Molecular Vision 2015; 21:185-193
Received 12 April 2014 | Accepted 18 February 2015 | Published 20 February 2015
1Ophthalmology, the First Affiliated Hospital of Chongqing Medical University, Chongqing Key Laboratory of Ophthalmology, Chongqing Eye Institute, Chongqing, China; 2Kanghong Biotech, Inc., Chengdu, China; 3Clinical Ophthalmology and Eye Health, Sydney Eye Hospital, University of Sydney, Save Sight Institute, Sydney, NSW, Australia
Correspondence to: Bo Lei, Department of Ophthalmology, 1 You Yi Road, Yu Zhong District, Chongqing 400016 China; Phone: 86 23 89011851; FAX: 86 23 89011851; email: email@example.com
Purpose: Conbercept (KH902), a novel recombinant, soluble vascular endothelial growth factor (VEGF) receptor–IgG fusion protein, has been developed as a new drug for ocular neovascularization and macular edema. The present study aims to clarify the changes in conbercept levels, VEGF, and intraocular pressure (IOP) after the intravitreal injection of conbercept into diabetic mouse eyes.
Methods: Five-week-old C57BL/6 mice were injected with streptozotocin to induce diabetes. Total VEGF and conbercept levels in the eyes were detected using an ELISA kit at −2 h, 1 h, 1 d, 4 d, 8 d, 16 d, 28 d, and 34 d after intravitreal injection of conbercept into diabetic and control mice. IOP was measured with a noninvasive TonoLab tonometer 7 d after intravitreal conbercept injection.
Results: The concentration of conbercept in the treated eyes increased immediately after injection and remained at high levels for 4 d (29.77±27.19 ng/ml, 20.28±28.85 ng/ml, and 42.43±36.51 ng/ml for days 1, 2, and 4, respectively). The concentration of conbercept in the untreated fellow eyes increased from day 2 to day 4 after injection with a level of about 1% of that in the injected eyes. Conbercept concentrations in both the treated and fellow eyes decreased from day 7 after intravitreal injection. The concentration of VEGF in the treated eyes increased significantly 1 h after injection when compared with the baseline measured 2 h before injection in both the diabetic and control mice (645.91±86.47 pg/ml versus 296.10±76.11 pg/ml and 860.50±201.47 pg/ml versus 377.69±70.72 pg/ml, respectively). VEGF concentration reached its peak 24 h after injection and then decreased thereafter. At day 7 after intravitreal injection, the difference in IOP between mice that received conbercept and mice that received PBS injections was not significant (p>0.05).

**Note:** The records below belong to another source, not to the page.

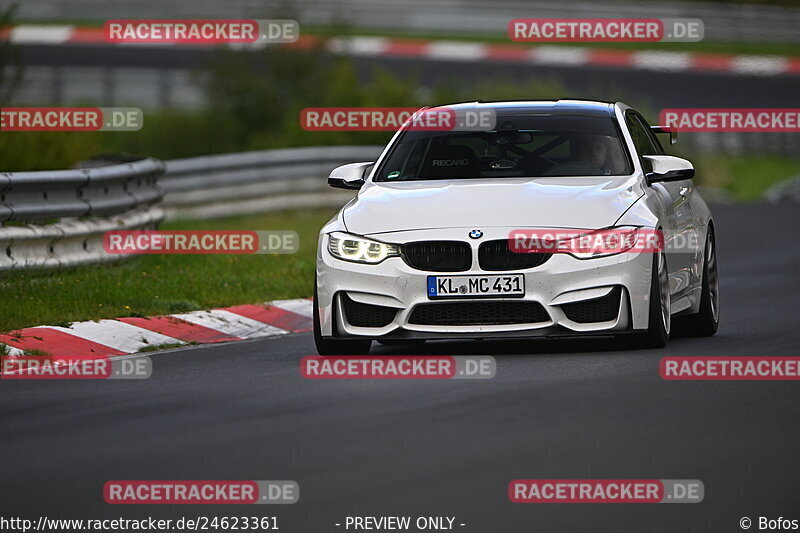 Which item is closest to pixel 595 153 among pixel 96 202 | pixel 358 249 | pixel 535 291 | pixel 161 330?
pixel 535 291

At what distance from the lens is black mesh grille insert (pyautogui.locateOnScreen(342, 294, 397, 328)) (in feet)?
33.9

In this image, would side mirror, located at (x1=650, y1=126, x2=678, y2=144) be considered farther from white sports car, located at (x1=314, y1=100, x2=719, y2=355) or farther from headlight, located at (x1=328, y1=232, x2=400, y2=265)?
headlight, located at (x1=328, y1=232, x2=400, y2=265)

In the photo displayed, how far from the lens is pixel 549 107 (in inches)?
471

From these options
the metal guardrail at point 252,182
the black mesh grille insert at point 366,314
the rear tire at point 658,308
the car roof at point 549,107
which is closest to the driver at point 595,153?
the car roof at point 549,107

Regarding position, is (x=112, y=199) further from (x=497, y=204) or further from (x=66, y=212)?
(x=497, y=204)

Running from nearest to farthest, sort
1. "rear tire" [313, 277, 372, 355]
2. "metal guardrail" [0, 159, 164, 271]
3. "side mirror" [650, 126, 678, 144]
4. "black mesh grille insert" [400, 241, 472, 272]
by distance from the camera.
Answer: "black mesh grille insert" [400, 241, 472, 272]
"rear tire" [313, 277, 372, 355]
"side mirror" [650, 126, 678, 144]
"metal guardrail" [0, 159, 164, 271]

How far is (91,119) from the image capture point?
19453 millimetres

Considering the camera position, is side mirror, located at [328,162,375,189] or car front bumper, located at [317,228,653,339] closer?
car front bumper, located at [317,228,653,339]

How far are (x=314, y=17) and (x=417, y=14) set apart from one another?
698 cm

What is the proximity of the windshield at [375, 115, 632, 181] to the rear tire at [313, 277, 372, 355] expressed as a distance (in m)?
1.30

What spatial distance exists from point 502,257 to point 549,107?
2068 mm

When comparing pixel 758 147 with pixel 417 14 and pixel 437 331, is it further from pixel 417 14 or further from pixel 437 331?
pixel 437 331

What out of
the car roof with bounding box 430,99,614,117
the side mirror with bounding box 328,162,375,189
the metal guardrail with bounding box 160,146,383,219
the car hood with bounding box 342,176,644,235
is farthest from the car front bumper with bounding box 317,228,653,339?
the metal guardrail with bounding box 160,146,383,219

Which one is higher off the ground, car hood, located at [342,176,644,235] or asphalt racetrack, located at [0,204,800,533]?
car hood, located at [342,176,644,235] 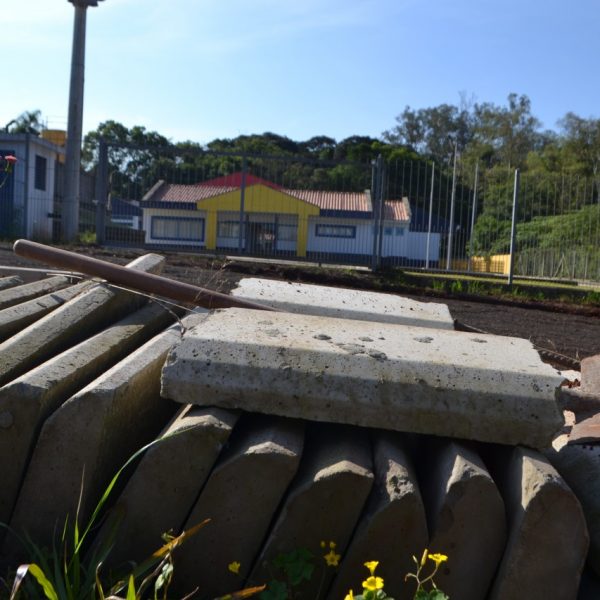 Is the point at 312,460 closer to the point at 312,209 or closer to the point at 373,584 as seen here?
the point at 373,584

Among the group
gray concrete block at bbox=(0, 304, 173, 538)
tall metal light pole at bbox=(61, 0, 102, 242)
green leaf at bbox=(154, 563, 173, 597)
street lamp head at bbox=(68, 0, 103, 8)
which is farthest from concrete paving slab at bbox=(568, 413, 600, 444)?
street lamp head at bbox=(68, 0, 103, 8)

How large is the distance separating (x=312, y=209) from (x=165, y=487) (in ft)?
39.7

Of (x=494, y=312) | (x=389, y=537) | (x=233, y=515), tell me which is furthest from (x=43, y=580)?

Conclusions: Conbercept and total VEGF levels in the mouse eyes were elevated after intravitreal injection of conbercept. Increased VEGF levels likely reflect VEGF sequestered by conbercept. These data could be helpful in understanding the metabolism of anti-VEGF drugs in the eye and for determining the protocol of multiple intravitreal injections of conbercept in patients.

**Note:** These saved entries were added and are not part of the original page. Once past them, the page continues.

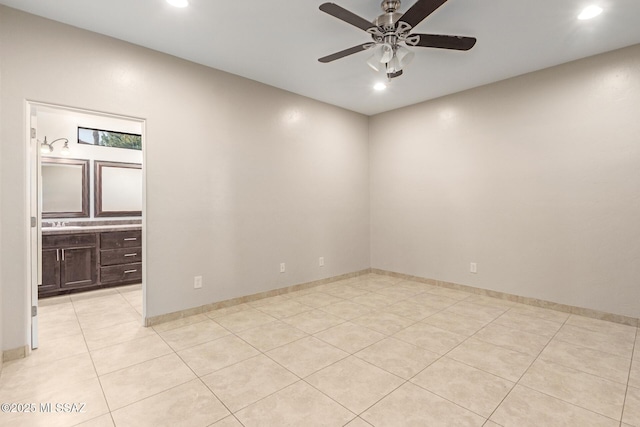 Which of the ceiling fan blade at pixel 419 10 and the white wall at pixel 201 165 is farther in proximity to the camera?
the white wall at pixel 201 165

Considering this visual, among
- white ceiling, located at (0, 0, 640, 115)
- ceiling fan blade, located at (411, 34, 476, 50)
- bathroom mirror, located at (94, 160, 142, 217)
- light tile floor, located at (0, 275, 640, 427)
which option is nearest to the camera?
light tile floor, located at (0, 275, 640, 427)

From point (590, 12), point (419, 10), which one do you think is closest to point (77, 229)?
point (419, 10)

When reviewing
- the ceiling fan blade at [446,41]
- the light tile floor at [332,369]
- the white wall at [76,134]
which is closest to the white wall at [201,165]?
the light tile floor at [332,369]

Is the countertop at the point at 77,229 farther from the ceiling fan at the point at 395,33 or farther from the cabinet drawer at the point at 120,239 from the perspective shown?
the ceiling fan at the point at 395,33

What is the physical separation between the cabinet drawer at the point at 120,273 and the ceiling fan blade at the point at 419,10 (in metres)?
4.82

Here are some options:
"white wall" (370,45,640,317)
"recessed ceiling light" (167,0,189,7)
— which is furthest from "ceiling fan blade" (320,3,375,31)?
"white wall" (370,45,640,317)

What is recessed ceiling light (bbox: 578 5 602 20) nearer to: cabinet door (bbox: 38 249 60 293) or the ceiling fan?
the ceiling fan

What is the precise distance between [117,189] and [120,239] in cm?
105

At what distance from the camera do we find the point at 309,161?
452 centimetres

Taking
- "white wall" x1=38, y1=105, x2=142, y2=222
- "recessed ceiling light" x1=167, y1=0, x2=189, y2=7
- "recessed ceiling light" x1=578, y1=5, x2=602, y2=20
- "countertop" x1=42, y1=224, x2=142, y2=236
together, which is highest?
"recessed ceiling light" x1=578, y1=5, x2=602, y2=20

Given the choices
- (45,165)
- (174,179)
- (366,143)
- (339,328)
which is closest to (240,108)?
(174,179)

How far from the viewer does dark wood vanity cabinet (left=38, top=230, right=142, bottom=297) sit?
403 centimetres

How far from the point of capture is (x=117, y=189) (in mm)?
5113

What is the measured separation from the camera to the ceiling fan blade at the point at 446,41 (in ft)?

Diabetic retinopathy (DR), a leading cause of vision loss worldwide, is a common and specific microvascular complication of diabetes . Though the precise pathogenesis of DR must still be elucidated, it has been widely accepted that DR or proliferative DR is a vascular complication occurring in individuals with certain genetic backgrounds [2,3] and certain epigenetic modifications . Visual dysfunction in DR patients is a direct consequence of the characterized retinal vascular lesions seen in these patients . The vascular endothelial growth factor (VEGF) family, including VEGF-A to VEGF-E and the placenta growth factor (PlGF), plays an important role in angiogenesis by increasing vascular permeability to water, proteins, and other molecules. Studies have shown a positive correlation between the elevated intraocular VEGF in the vitreous and aqueous fluids and the severity of DR or diabetic macular edema (DME) [6,7]. In addition, an increased VEGF receptor expression has been reported in the retinas from diabetic rats [8,9]. VEGF can be expressed by retinal-pigmented epithelial cells, astrocytes, vascular pericytes, endothelial cells, Müller cells, or retinal neurons, and it has been considered a stimulus for DME and choroidal neovascularization. Biologic agents targeting the VEGF have been shown to be effective in controlling DME and neovascularization caused by DR, age-related macular degeneration (AMD), and central retinal vein obstruction (CRVO).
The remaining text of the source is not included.